第99話 かなめの仕掛けた罠
「嘘はないぞ。あれがあるとちょっと便利なんだ。まあアタシは使うつもりは無いけどな」
そう言ってかなめは大馬力のスポーツカーのエンジンをかけた。明らかにカウラのスポーツカーを意識して購入した車のエンジンが低い振動を二人にぶつけて来た。
「それじゃあ分かりませんよ。もしかして違法な取引の勧誘とか……まさか軍事機密?」
「そんなんじゃねえよ。むしろ民間系の情報だ。ベルルカン風邪ってあるだろ?あれの即効性の特効薬の開発に成功した製薬会社が明日それを公表するが、その情報だ。良くある話だろ?新薬の開発ネタは一番の株の値動きを左右する金になる情報だ。連中もきっと中身を見たら飛び上がって喜ぶぞ」
あっさりと言い切るかなめは車を急発進させた。
「それでも十分まずい情報じゃないですか。新薬開発の発表前の事前情報入手って……インサイダー取引ですよそれ。バレたらそれこそ本当に解雇ですよ」
そんな誠の言葉を無視してかなめは車を走らせる。租界の怪しげな店のネオンが昼間だというのに町をピンク色に染めていた。
「知ってたんだな……『インサイダー取引』って言葉。まあいいや、あの手合いから情報を穏やかな方法で手に入れるには仕方の無いことなんだよ。蛇の道は蛇と言うやつだな。それに実際今の段階ではと言うカッコつきの情報だ。発表が延びるかもしれないし……発表自体が無くなる可能性もある。と言うか無くなる予定なんだがな。連中にはそのことを教える必要はねえ。連中はその発表が無くなった時点で泣けばいい。それまでにこっちに必要な情報をくれるかどうか。それが問題だ」
大通りに入っても車は加速を続けた。誠はかなめの表情をうかがいながら曇り空の冬の街を眺めていた。かなめの生きてきた裏の世界の話を聞くたびに誠はどこかしら遠くの世界に彼等がいるように感じられた。

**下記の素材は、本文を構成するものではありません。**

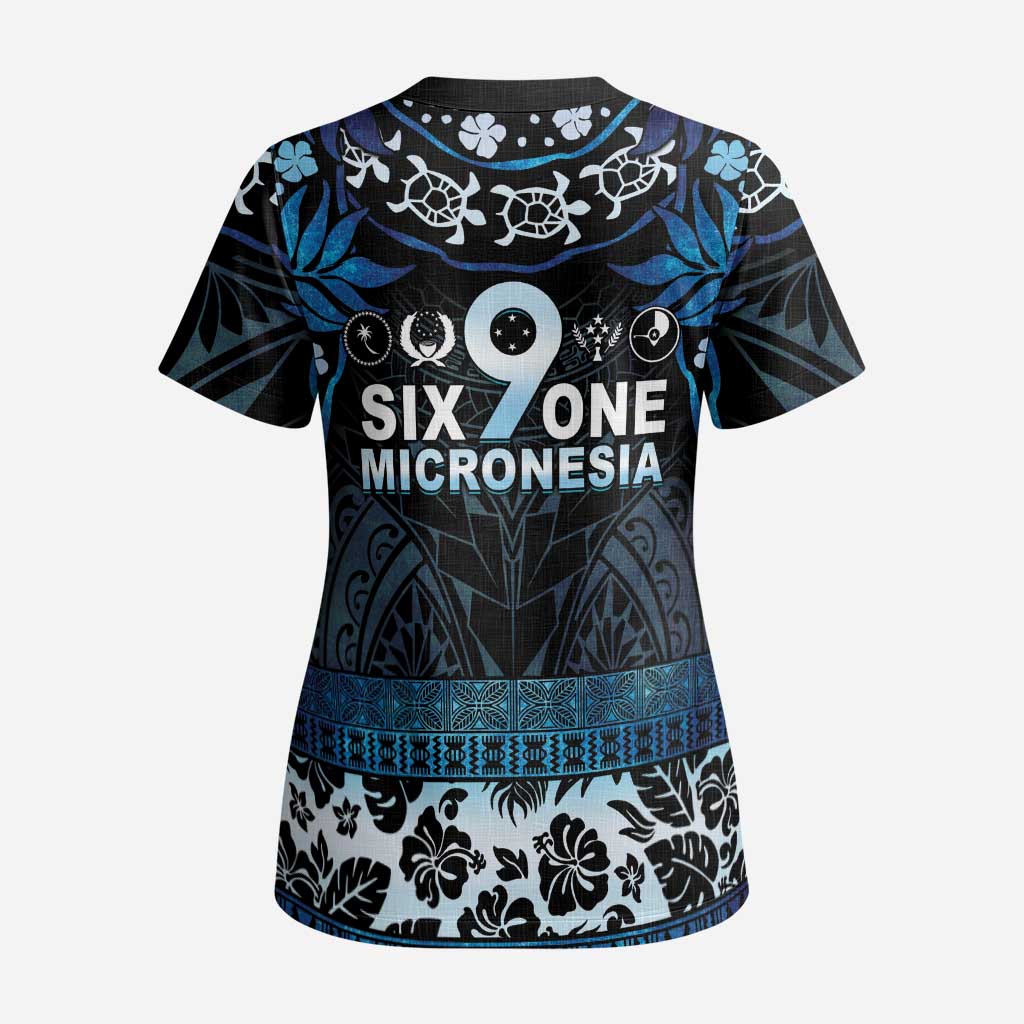 Micronesia FSM 691 Scrub Top Respect Culture - Polynesian Pride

その時急にかなめは車を減速させて路肩に寄せて止まった。
「西園寺さん!急に車を止めて!危ないじゃないですか!事故でも起こしたらどうするんですか!また始末書ですよ」
誠の言葉に振り返ったかなめはにんまりと笑っていた。
「ビンゴだ。連中早速食いつきやがった」
そう言うとかなめはしばらくの間目をつぶり動かなくなる。脳に直接送られたデータを読み取っているとでも言う状況なのだろう。誠は黙ってかなめを見つめた。

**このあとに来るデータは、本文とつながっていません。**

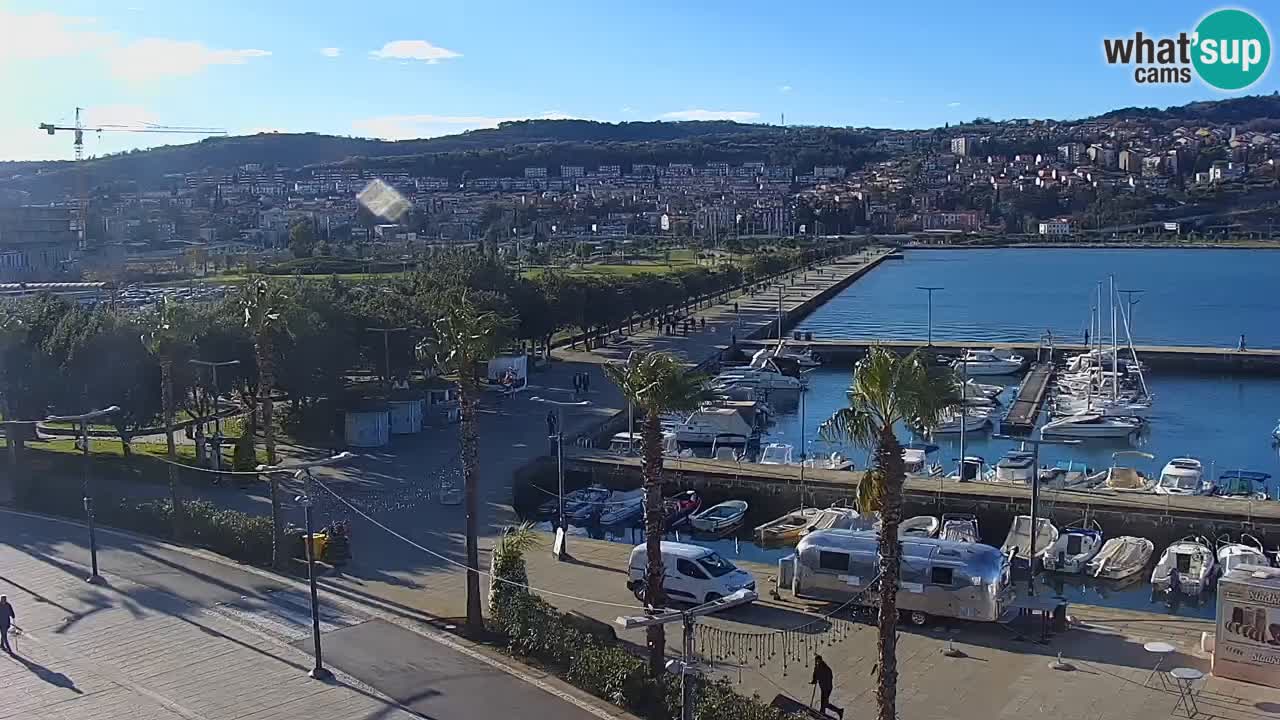 Il porto di Koper – Capodistria live webcam – porto crociere e mercantile – Slovenia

「商品の保管場所は……遼帝国の駐留軍の基地か。軍を巻き込むとはずいぶん危ない橋を渡るんだな……言ってることとやってることがばらばらじゃねえか。何が君子危うきに近づかずだ。虎穴に入らずんば虎子を得ずの方が合ってらあ」
かなめの言葉で誠は頭の血液が体に流れ込むようなめまいを感じながらかなめを見つめていた。そして一気に手のひらが汗で滑りやすくなるのを感じていた。
「神前。暴れられるぞ。連中の商品の保管場所が分かった。そこを押さえれば違法研究の入り口を止められる」
そう言うかなめの表情にいつもの悪い笑みが浮かんでいるのに誠は気づいた。